Repeat all the records exactly, omitting pictures.

### RECORDS FOR THE EXERCISE
▼

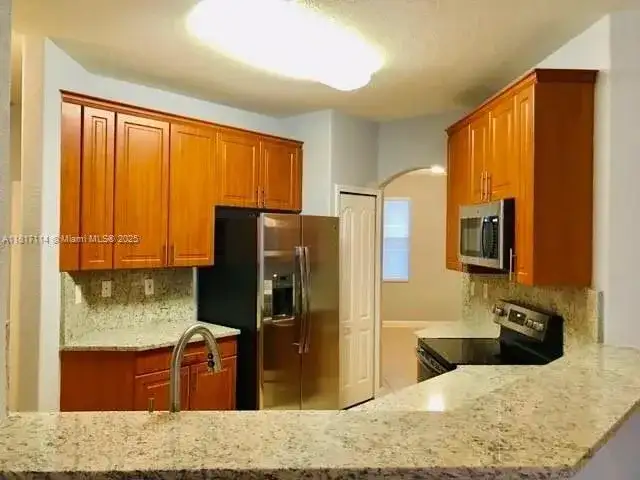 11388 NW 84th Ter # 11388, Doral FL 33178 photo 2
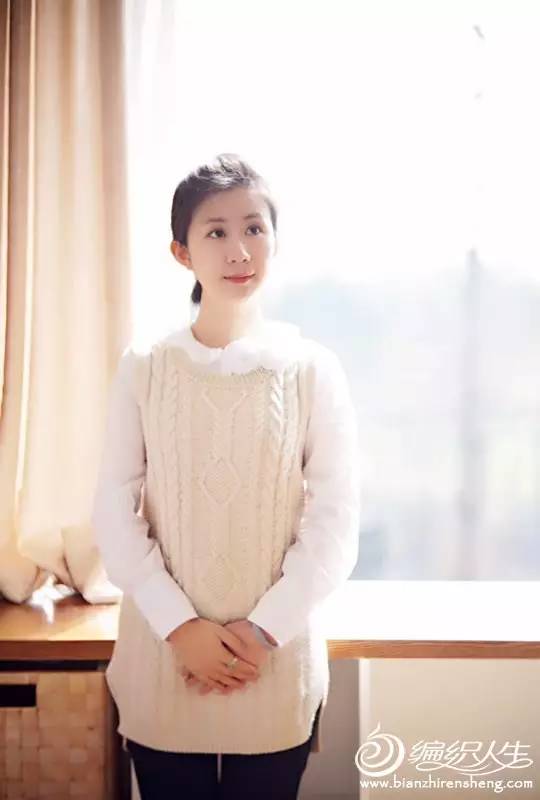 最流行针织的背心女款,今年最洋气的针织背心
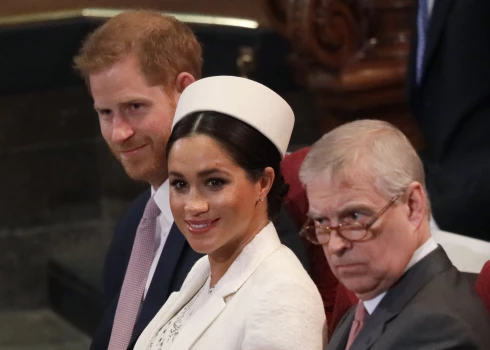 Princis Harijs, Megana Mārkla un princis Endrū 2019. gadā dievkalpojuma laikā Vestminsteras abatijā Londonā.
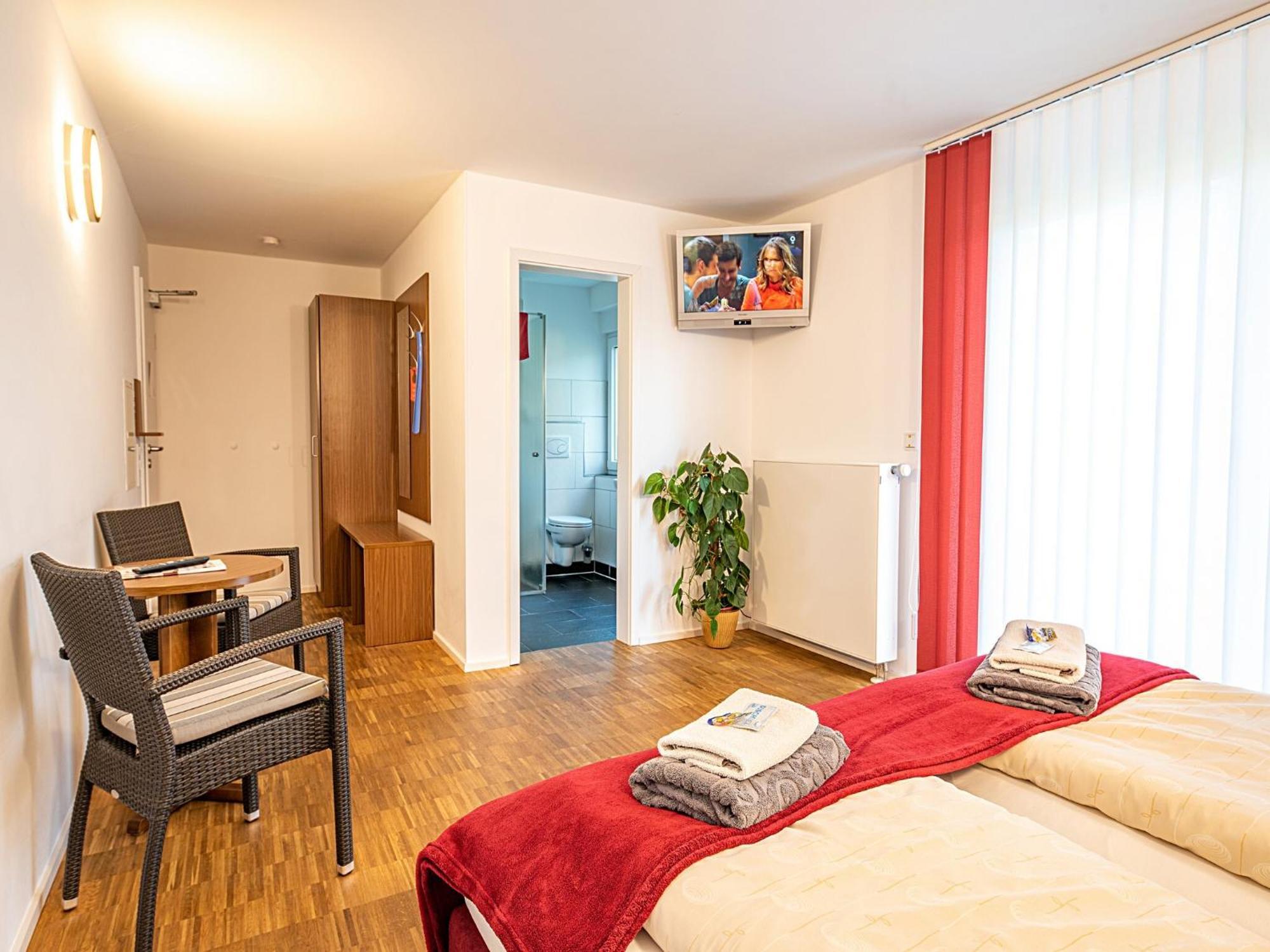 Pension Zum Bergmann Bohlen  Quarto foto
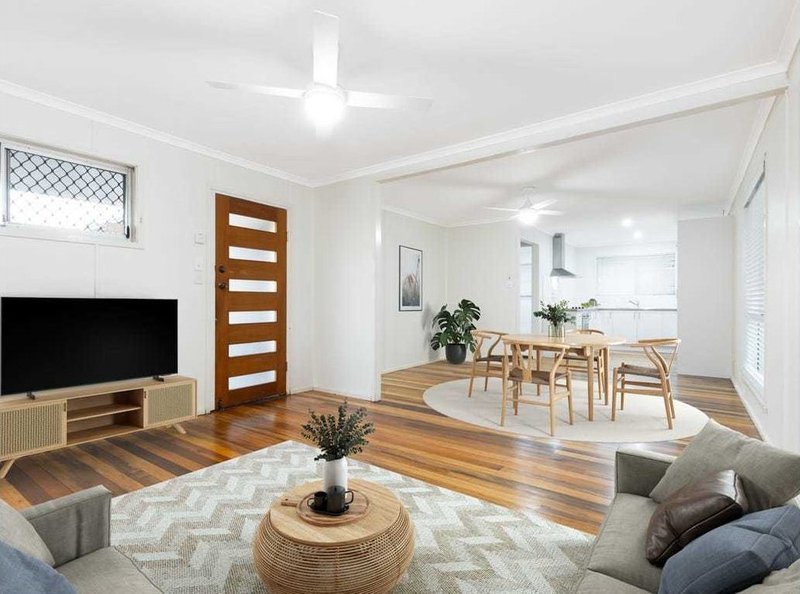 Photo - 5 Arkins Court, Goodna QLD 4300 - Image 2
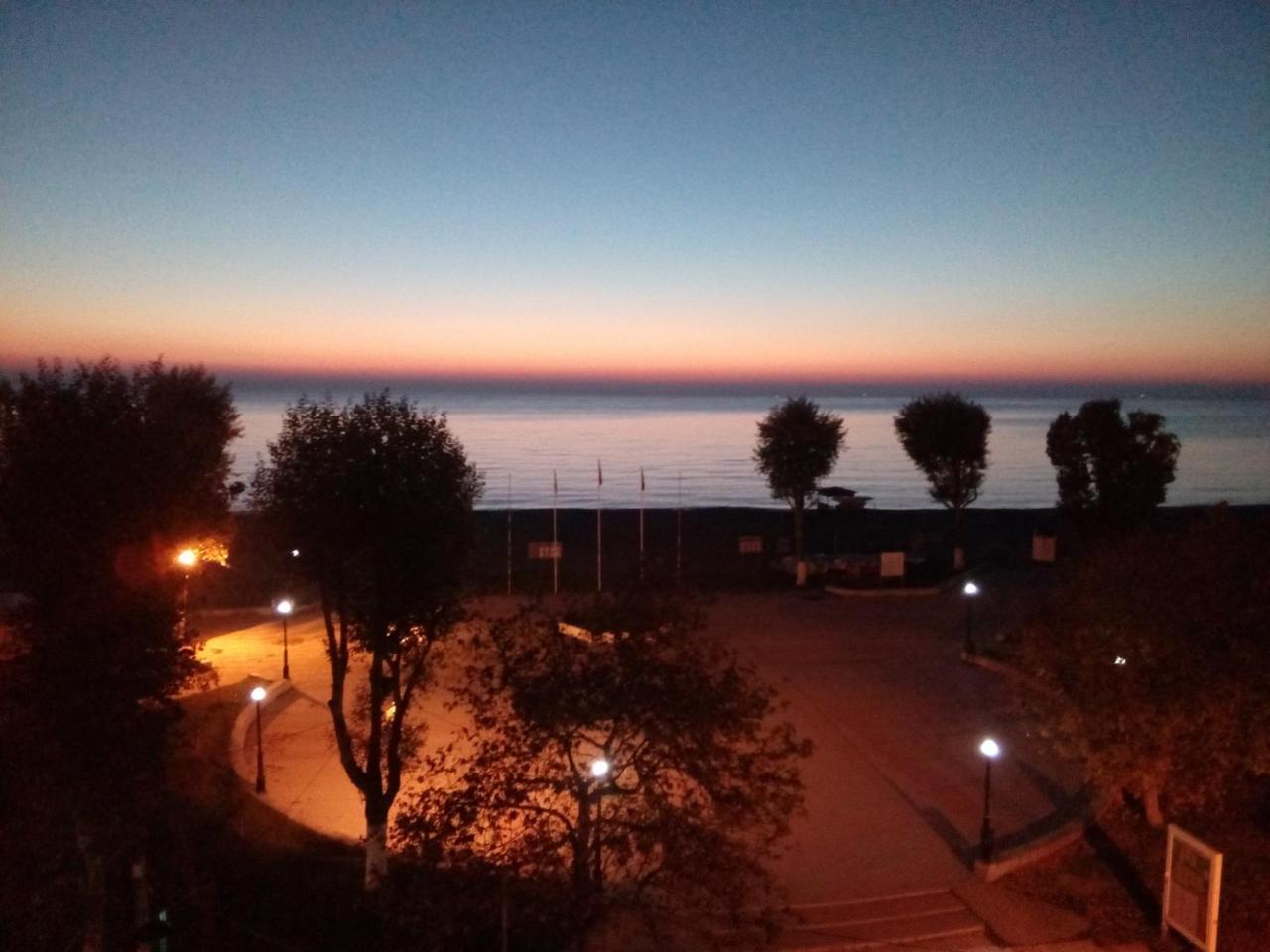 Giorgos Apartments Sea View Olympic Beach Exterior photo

▲

### OUTPUT BELOW
 11388 NW 84th Ter # 11388, Doral FL 33178 photo 2
 最流行针织的背心女款,今年最洋气的针织背心
 Princis Harijs, Megana Mārkla un princis Endrū 2019. gadā dievkalpojuma laikā Vestminsteras abatijā Londonā.
 Pension Zum Bergmann Bohlen  Quarto foto
 Photo - 5 Arkins Court, Goodna QLD 4300 - Image 2
 Giorgos Apartments Sea View Olympic Beach Exterior photo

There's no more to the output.